Ruby-throated hummingbirds weigh approximately one-ninth of an ounce. In comparison, this would be less than the weight of a nickel. Hummingbirds at rest breathe four times per second and their hearts beat 20 times per second. Hummingbirds can beat their wings up to 70 times per second. They are territorial because their instinct is to guard their food source. Hummers are the only birds that can fly backward, forward, and straight up and down as well as hover. They have the highest metabolic rate of all vertebrate animals. At night when not foraging, they can enter torpor, a state similar to hibernation, and slow their metabolic rate to 1/5 its normal rate. This enables them to conserve energy when food is scarce.

Flowering plants and hummingbirds complement each other because plants provide nectar and hummingbirds provide pollination. No other birds feed on nectar as consistently as hummingbirds. These amazing birds are able to consume half their weight in food every day. Their long beaks and elongated tongues easily consume nectar from flowers. When the hummers feed on the nectar, the pollen sticks to their beaks. When they go to the next flower, they transfer some of the pollen to that flower. Hummingbirds do not have a keen sense of smell, so they are attracted to flowers with a particular hue and tubular shape. Their color preferences are red, pink, blue, purple, and orange, and they prefer native plants. Avoid using any pesticides or insecticides. These chemicals can be harmful to the hummingbirds; they also kill the insects that are an important source of hummingbird food.

With careful planning, you can provide a food source for hummingbirds from spring to fall. Some springtime plants that are magnets for hummingbirds are Columbine (Aquilegia), which comes in a variety of colors, Bleeding Heart (Dicentra), and Virginia Bluebell (Mertensia Virginica). In the summer, hummingbirds cannot resist Crocosmia, Phlox, and Bee Balm (Monarda). Other summer-blooming flowers that attract hummingbirds are Verbena, Hollyhocks (Alcea), Heuchera, Penstemon, and Salvia, which depending on the variety, can be a perennial or an annual. Crocosmia have been the favorite blooms for the hummingbirds in our garden. Cardinal flower (Lobelia Cardinalis), Lantana, Salvia, Canna Lilies, and Milkweed (Asclepias Tuberosa) provide nectar-rich blooms in summer and early fall.

Each fall our hummingbird friends leave Pennsylvania and migrate between southern Mexico and northern Panama. They know when it is time to migrate by the change in the length of daylight. They need to feed constantly and build up their fat reserves before migrating because they use much energy during their long journey. During their migration, they fly nonstop 600 miles across the Gulf of Mexico to get to their destination.

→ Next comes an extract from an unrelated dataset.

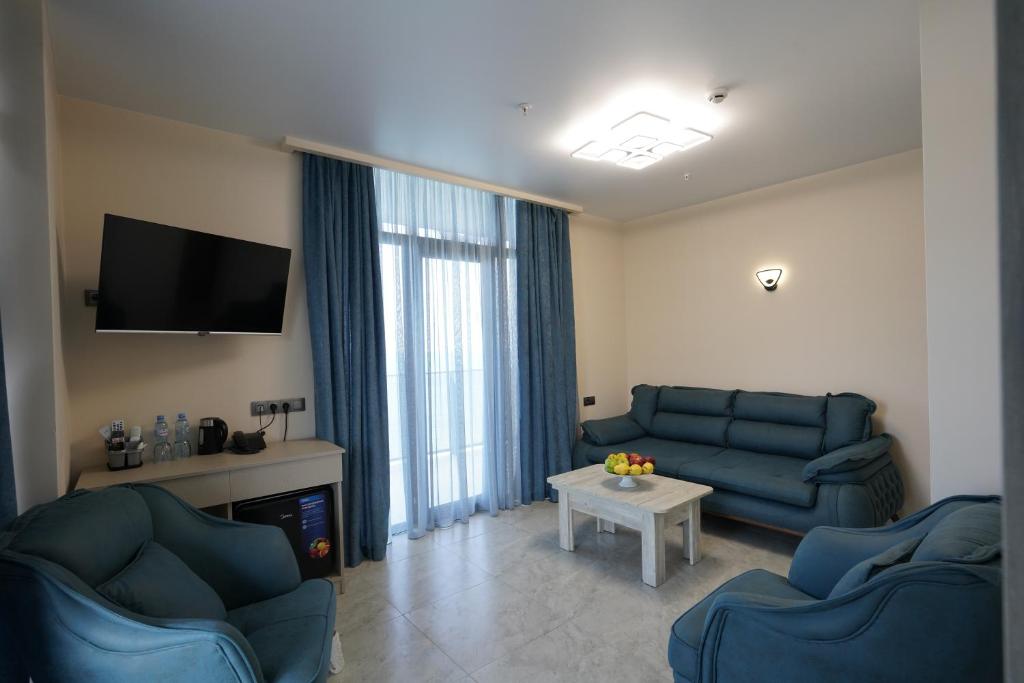 Premium Quadruple Room – Room Only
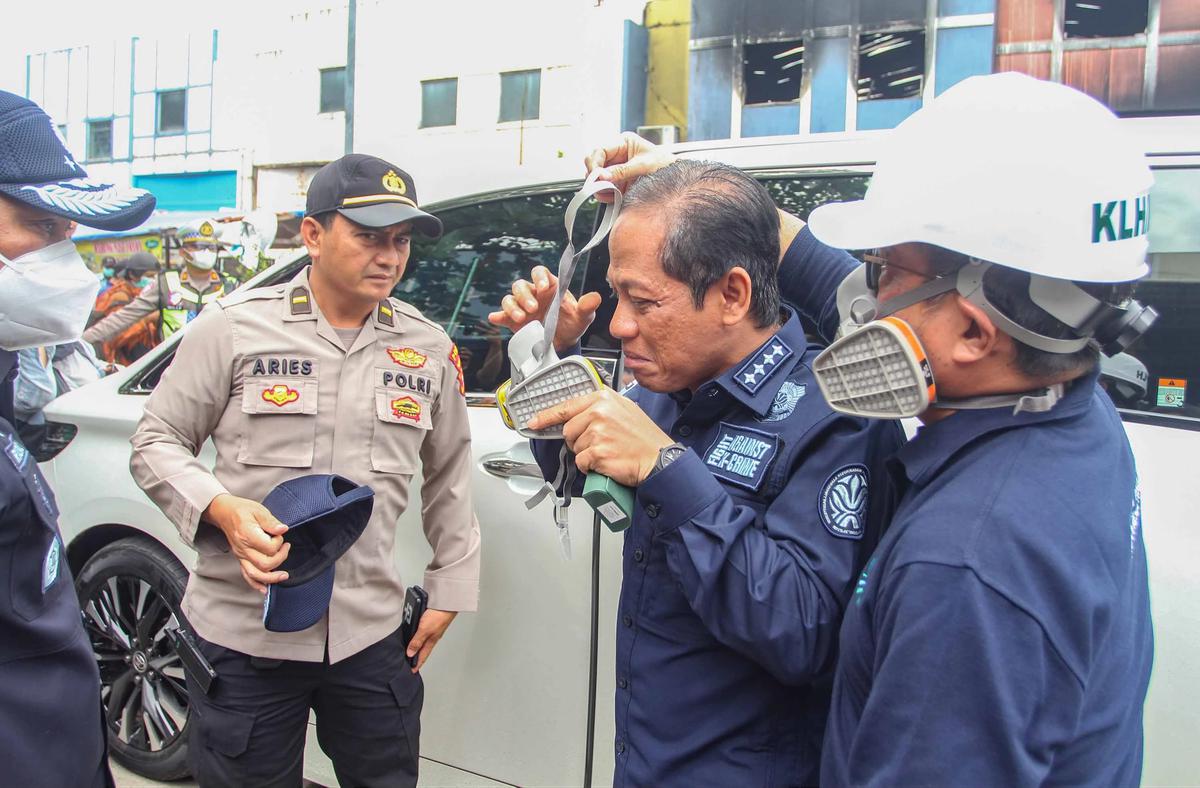 FOTO: KLH Segel Gudang Pestisida di Tangerang Selatan Terkait Pencemaran Sungai Cisadane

Keep feeders outside until the beginning of October so these wonderful birds can store enough energy to successfully migrate south. You might have visiting hummingbirds from the north stopping at your feeder on their journey south. The Ruby-throats begin migrating north as early as January. Once in North America, migration proceeds at an average rate of twenty miles a day.

Birdwatchers and gardeners who understand how to attract hummingbirds by satisfying their need for food, water, shelter, and nesting spots will be rewarded with hummingbirds in their backyard for many years.

"Oh, tiny living lightning, when you hover in the air you are a body of pollen." From Ode to the Hummingbird by Pablo Neruda.